*TASK GOAL:*
Copy the lines exactly as they appear, starting with the first line of the records and ending with the line that contains "Autographed David Bowie".

· · · · · · ·

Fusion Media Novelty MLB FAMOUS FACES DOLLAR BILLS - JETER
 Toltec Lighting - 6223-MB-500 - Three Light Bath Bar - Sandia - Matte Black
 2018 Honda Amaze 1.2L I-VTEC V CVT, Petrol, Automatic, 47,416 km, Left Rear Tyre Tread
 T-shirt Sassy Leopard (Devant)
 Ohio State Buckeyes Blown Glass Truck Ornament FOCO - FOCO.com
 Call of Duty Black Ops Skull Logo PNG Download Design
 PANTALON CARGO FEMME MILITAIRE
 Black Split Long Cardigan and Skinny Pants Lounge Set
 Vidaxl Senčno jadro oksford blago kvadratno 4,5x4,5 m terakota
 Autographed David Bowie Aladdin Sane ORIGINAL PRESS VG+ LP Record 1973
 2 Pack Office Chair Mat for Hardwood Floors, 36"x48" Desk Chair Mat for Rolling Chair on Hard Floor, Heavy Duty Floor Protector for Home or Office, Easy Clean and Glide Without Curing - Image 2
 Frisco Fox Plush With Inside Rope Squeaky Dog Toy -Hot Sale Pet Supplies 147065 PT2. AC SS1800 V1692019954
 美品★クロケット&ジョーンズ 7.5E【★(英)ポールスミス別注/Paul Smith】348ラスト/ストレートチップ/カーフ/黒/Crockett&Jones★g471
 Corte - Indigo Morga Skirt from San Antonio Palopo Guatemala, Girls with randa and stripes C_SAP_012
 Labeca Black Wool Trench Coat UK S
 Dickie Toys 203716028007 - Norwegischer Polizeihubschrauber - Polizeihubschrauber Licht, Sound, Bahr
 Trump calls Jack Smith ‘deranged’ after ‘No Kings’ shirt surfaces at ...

· · · · · · ·

*EXERCISE RESULT:*
Fusion Media Novelty MLB FAMOUS FACES DOLLAR BILLS - JETER
 Toltec Lighting - 6223-MB-500 - Three Light Bath Bar - Sandia - Matte Black
 2018 Honda Amaze 1.2L I-VTEC V CVT, Petrol, Automatic, 47,416 km, Left Rear Tyre Tread
 T-shirt Sassy Leopard (Devant)
 Ohio State Buckeyes Blown Glass Truck Ornament FOCO - FOCO.com
 Call of Duty Black Ops Skull Logo PNG Download Design
 PANTALON CARGO FEMME MILITAIRE
 Black Split Long Cardigan and Skinny Pants Lounge Set
 Vidaxl Senčno jadro oksford blago kvadratno 4,5x4,5 m terakota
 Autographed David Bowie Aladdin Sane ORIGINAL PRESS VG+ LP Record 1973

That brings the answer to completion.